» **What this task involves**: Only the lines below starting at the one containing "Вібратор Guspiun Stromschlag" and ending at the one containing "Leitz Alicates de" belong in the answer, each copied exactly.

» **Stored items from a collection**:

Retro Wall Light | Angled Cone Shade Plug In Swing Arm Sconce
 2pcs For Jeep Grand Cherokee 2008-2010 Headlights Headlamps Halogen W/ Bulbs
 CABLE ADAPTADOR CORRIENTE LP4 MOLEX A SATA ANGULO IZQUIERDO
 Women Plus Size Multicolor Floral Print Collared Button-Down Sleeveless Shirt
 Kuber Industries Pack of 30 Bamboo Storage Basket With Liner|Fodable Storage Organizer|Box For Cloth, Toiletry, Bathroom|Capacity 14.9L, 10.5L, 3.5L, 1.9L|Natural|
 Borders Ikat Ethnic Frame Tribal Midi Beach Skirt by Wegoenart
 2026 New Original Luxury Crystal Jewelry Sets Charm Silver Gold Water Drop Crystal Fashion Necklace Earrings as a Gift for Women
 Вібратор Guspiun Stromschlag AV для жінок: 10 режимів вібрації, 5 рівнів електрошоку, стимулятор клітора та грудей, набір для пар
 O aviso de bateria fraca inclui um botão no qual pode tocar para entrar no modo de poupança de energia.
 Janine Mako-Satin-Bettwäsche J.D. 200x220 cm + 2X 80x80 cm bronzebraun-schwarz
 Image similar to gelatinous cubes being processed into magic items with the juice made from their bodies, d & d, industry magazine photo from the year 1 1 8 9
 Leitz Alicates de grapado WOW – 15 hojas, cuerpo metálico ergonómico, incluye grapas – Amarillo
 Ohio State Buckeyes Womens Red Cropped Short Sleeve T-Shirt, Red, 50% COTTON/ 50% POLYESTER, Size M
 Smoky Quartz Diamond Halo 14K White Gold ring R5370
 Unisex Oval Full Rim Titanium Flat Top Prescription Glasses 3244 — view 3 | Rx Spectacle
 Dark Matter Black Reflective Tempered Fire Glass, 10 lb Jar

» **Expected answer**:
 Вібратор Guspiun Stromschlag AV для жінок: 10 режимів вібрації, 5 рівнів електрошоку, стимулятор клітора та грудей, набір для пар
 O aviso de bateria fraca inclui um botão no qual pode tocar para entrar no modo de poupança de energia.
 Janine Mako-Satin-Bettwäsche J.D. 200x220 cm + 2X 80x80 cm bronzebraun-schwarz
 Image similar to gelatinous cubes being processed into magic items with the juice made from their bodies, d & d, industry magazine photo from the year 1 1 8 9
 Leitz Alicates de grapado WOW – 15 hojas, cuerpo metálico ergonómico, incluye grapas – Amarillo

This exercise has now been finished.